▸ **Prompt**
In the data below, find the line containing "this 400×300 image."; transcribe it and each line after it exactly, through the last, skipping pictures.

▸ **Provided data**
▬▬▬
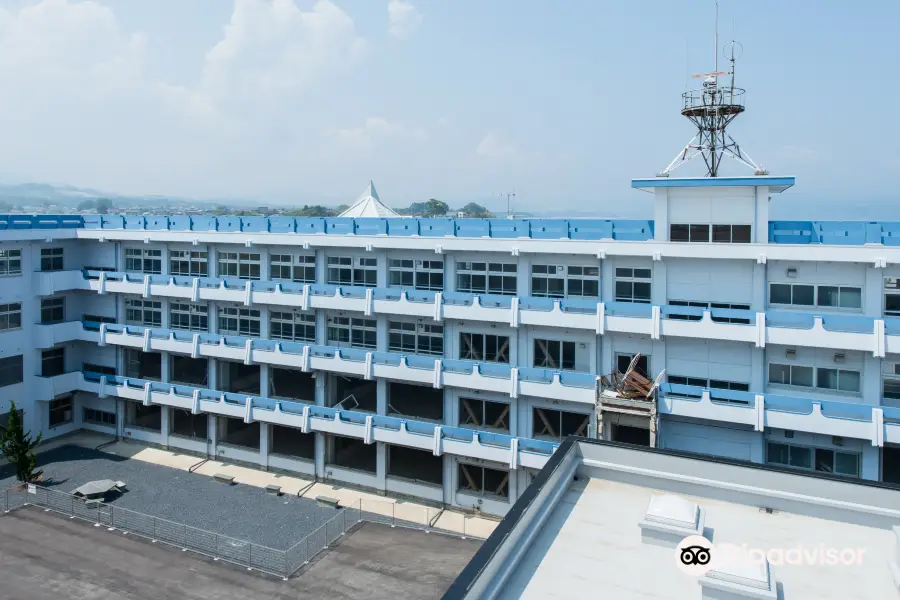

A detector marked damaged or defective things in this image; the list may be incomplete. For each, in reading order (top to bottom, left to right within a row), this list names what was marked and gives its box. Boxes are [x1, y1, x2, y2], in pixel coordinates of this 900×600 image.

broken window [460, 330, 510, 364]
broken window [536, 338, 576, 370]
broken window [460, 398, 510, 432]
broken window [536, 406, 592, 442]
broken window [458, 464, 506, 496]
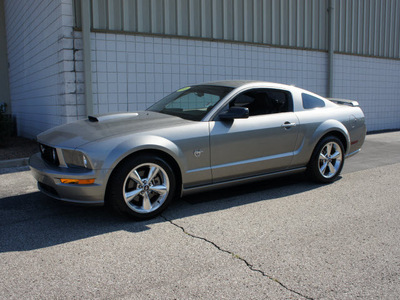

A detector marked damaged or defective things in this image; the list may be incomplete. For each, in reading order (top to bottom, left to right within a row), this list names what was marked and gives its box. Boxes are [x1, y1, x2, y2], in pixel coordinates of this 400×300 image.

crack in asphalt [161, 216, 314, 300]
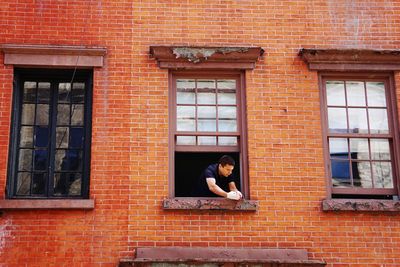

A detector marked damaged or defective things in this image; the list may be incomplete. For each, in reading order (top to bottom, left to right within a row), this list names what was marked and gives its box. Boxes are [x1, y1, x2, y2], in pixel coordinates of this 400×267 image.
▬▬▬
▸ **The answer**
A detector marked damaged or defective things in this image; the list may be incomplete. For each, in reading order (top to bottom, left to right within a row), this list names what was marked and gives its box. Boxes are [x1, y1, x2, y2], in pixel coordinates of this 400×300 image.

crack in asphalt [161, 216, 314, 300]

A detector marked damaged or defective things in this image; the list may be incomplete. For each, in reading order (top to bottom, left to right within a row), this list names what was marked and gives its box. Boxes are [x1, y1, x2, y2], in pixel coordinates of this 400×267 image.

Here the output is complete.